I crouched next to the first refrigerator, and popped the heavy door open with my sword, quickly poking my pistol into the opening.  Nothing but some vegetables and fruits, stored in plastic bins.  I moved to the next one, still crouching.  Now one of the large metal counters was between the doorway and myself.  The shelves underneath held numerous pots and pans, though I could look through them and see Losacan's brown fatigue pants.  As I reached for the next heavy metal door, a great lassitude came over me.  My limbs grew heavy, and I sank out of my crouch and knelt.  Wonderful warmth permeated the kitchen, like curling up into a warm bed.  Tendrils of sleep tugged at the corners of my mind.  I tried to shake it off, focusing on entering the half sleep trance I had been taught to initiate after my third round of surgeries, but focus was difficult to find.  As I slumped down, I looked back at Losacan through the pots, and saw he too was now on the ground, propped against the wall with his weapons lying at his side.

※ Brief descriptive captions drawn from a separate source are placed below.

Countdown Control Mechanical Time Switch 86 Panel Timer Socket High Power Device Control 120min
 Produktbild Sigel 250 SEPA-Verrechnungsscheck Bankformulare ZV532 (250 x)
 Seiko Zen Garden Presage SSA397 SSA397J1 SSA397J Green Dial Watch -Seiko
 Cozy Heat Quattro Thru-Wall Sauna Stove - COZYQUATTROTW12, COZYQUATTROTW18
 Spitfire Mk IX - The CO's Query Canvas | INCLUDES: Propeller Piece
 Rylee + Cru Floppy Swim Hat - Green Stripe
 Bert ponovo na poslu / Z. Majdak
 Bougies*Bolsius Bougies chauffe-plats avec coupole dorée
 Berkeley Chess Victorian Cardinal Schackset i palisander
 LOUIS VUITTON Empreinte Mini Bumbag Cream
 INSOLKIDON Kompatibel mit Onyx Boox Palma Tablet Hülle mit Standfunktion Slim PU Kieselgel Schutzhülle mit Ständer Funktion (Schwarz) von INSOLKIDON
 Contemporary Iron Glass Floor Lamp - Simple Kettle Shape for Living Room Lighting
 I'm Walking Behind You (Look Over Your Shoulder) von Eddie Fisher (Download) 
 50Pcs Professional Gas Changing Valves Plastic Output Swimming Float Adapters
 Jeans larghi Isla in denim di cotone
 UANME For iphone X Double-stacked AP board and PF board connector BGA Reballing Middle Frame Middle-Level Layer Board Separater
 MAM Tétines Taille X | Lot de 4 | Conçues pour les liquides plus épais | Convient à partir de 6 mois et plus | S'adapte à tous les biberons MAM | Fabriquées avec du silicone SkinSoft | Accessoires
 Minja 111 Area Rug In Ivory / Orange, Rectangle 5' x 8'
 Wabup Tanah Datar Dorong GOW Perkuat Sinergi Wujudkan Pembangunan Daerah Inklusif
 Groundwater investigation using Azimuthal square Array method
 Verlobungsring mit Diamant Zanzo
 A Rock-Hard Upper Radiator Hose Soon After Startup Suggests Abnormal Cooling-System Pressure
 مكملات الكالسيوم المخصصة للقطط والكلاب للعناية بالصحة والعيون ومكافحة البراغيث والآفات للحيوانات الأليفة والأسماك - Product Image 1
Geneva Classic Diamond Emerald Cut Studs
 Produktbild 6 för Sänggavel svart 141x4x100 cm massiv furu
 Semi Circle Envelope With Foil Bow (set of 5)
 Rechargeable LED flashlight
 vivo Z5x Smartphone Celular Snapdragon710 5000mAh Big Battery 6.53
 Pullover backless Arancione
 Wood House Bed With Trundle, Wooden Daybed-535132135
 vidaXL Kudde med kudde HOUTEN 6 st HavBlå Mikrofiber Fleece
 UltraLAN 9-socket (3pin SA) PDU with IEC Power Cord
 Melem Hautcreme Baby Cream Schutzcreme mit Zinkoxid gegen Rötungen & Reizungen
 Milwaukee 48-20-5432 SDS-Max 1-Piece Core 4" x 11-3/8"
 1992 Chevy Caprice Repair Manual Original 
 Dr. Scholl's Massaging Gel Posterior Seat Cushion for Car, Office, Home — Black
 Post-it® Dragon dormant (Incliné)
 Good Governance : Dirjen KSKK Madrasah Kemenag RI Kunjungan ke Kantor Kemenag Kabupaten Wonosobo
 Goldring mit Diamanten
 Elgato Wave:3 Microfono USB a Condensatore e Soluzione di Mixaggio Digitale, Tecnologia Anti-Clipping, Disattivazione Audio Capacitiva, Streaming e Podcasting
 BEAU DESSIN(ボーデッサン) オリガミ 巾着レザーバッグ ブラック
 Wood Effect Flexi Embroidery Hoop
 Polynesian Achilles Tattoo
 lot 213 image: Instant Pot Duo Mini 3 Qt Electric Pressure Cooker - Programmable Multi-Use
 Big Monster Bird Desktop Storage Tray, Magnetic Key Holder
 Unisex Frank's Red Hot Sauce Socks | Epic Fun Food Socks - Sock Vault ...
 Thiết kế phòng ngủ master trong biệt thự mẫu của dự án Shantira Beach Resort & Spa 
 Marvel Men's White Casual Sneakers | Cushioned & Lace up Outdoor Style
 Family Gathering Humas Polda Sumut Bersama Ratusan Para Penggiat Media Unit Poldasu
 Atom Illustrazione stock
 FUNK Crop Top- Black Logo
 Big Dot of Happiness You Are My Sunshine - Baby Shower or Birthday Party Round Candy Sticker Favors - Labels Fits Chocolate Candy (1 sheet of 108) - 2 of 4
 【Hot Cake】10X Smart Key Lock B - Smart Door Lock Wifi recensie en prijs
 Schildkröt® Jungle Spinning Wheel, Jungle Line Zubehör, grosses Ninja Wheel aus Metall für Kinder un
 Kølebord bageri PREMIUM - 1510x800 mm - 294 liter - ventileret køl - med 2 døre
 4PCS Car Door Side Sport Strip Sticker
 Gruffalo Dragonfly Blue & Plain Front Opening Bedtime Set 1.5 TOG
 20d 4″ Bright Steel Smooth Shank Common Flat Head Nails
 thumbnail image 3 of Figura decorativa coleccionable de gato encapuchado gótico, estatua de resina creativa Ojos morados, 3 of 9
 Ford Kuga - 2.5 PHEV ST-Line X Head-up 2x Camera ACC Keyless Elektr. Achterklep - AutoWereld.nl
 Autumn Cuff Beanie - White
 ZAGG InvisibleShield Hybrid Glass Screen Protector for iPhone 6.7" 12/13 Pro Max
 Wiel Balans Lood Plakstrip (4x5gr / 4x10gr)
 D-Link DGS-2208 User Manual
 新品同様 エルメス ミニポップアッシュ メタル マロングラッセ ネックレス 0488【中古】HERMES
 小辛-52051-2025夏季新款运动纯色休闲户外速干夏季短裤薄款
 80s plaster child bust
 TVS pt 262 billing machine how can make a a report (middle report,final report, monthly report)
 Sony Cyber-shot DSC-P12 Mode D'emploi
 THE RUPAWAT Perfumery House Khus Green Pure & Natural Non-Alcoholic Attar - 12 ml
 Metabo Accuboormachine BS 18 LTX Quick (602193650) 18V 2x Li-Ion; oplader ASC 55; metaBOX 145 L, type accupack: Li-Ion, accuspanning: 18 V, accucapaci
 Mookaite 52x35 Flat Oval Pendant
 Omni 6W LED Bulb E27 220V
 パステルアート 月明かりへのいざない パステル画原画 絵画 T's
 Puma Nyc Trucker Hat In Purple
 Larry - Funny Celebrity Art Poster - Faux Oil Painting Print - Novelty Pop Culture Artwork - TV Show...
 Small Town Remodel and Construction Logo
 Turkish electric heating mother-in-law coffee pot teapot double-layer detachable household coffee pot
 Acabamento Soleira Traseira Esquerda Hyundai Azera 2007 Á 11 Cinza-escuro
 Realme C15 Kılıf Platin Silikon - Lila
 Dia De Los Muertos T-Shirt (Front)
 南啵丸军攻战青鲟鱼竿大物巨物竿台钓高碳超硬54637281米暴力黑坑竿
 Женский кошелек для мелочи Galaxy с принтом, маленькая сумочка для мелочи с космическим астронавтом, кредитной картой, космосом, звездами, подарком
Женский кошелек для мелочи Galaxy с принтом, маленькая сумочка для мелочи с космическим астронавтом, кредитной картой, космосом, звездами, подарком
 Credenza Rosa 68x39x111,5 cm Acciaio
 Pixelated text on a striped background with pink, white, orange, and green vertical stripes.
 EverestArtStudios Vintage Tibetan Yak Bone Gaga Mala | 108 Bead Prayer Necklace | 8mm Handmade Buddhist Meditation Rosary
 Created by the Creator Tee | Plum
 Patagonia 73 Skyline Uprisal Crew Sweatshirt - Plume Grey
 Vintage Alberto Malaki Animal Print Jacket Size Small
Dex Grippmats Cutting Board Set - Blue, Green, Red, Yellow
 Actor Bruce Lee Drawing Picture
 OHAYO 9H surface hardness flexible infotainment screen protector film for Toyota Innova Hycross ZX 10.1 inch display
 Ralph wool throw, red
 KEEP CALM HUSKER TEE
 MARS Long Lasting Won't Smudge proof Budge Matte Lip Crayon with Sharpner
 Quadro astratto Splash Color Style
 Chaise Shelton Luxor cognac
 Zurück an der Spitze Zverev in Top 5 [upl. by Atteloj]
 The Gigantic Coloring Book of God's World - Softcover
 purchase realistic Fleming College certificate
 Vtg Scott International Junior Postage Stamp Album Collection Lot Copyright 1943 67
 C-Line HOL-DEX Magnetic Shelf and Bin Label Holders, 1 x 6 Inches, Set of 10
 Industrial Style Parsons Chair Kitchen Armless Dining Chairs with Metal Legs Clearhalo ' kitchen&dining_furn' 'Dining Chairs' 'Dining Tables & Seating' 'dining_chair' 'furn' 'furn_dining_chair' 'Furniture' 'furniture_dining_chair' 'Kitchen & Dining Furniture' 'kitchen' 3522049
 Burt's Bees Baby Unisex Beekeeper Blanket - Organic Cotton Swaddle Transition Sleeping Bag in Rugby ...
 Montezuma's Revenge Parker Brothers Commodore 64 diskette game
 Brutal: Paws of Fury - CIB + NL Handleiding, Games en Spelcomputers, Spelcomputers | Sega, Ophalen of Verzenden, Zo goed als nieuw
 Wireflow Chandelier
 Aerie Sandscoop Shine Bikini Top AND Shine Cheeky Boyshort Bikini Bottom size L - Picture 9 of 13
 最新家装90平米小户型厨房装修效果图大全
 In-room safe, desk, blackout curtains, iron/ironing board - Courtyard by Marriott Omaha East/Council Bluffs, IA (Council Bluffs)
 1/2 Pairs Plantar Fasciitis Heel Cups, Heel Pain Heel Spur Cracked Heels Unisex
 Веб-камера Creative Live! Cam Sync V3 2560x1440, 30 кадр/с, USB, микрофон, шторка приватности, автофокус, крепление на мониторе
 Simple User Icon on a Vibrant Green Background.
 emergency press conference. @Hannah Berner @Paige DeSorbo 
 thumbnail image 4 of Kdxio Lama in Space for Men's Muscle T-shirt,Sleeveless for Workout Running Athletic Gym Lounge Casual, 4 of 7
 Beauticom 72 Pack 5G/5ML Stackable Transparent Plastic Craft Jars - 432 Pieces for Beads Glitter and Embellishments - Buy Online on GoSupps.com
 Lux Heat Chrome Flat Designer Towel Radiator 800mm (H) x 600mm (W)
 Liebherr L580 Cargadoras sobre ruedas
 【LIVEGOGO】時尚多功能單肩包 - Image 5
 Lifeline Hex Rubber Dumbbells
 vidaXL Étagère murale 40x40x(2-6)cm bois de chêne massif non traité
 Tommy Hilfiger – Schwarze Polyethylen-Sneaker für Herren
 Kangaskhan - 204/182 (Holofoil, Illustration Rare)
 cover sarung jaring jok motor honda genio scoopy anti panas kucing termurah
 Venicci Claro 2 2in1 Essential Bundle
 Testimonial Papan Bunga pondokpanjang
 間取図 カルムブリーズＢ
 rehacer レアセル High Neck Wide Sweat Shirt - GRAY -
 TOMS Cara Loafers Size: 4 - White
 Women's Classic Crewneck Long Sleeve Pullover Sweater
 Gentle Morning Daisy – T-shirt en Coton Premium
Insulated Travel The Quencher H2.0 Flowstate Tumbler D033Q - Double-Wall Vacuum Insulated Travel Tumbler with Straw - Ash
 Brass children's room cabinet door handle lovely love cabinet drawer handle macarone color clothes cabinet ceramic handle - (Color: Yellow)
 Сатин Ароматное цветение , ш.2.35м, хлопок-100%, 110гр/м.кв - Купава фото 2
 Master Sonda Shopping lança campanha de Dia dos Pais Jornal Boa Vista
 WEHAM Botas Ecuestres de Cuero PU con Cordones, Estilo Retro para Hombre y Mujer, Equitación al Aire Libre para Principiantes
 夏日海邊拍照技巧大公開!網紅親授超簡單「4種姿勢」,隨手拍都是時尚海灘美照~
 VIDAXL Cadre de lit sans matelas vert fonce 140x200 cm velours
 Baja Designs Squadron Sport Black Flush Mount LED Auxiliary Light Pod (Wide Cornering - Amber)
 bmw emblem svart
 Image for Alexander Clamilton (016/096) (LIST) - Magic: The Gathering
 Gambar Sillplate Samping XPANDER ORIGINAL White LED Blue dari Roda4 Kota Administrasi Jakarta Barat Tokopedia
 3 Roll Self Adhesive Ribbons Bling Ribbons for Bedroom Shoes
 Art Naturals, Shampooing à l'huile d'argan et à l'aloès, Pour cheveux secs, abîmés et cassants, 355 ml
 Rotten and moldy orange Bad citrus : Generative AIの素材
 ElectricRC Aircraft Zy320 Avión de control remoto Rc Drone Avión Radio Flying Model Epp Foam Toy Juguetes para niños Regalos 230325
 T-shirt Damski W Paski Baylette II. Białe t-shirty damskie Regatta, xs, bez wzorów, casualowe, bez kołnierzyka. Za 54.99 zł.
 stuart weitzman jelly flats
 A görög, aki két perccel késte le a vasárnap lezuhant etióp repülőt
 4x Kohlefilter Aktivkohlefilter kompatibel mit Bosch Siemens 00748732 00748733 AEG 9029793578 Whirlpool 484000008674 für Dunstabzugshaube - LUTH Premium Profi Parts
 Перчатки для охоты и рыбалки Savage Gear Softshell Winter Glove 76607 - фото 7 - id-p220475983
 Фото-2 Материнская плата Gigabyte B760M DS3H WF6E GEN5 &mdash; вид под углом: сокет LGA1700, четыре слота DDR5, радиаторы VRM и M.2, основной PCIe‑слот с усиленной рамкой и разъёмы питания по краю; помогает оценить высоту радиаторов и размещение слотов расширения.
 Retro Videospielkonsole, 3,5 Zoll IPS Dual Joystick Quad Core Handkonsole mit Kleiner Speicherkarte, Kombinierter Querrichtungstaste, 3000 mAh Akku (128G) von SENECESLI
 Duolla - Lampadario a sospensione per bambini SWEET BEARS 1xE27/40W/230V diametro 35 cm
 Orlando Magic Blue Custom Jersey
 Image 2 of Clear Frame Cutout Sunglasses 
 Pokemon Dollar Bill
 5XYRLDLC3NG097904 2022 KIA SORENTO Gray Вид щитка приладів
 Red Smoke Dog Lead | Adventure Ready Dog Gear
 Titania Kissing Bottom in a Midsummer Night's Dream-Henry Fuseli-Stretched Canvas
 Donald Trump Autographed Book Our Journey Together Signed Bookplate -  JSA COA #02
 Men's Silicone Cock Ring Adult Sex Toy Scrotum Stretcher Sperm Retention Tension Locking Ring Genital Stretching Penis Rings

A scraping noise drew my eyes towards the center of the room, where the drain in the floor was being pushed up.  A blue uniform rose out of it, though I couldn't see the wearer clearly through the full shelves.  There was a red braid decorating parts of the coat, and I couldn't help but realize this must be someone important.  I felt like I should do something, if I could only find the energy.  Another figure, this one in shimmering, multihued robes rose out of the hole in the floor, and my weariness redoubled.  I heard the two speaking, but couldn't pay enough attention to their words.  As the two moved towards the door, they stopped short, and after a moment, laughter, cruel and harsh filled the room.  I remember what they said next  it burned into my mind that terrible day.  'One less Astartes whelp to deal with,' and a pistol shot rang out, thunderous in that small, confined kitchen.  I watched, pinned to the ground by my own enervation, as Losacan pitched over, and I stared into his vacant eyes as his blood and brain matter dripped down the wall behind him and pooled on the warm, warm floor.  His killers swept out of the room, leaving me with my dead brother.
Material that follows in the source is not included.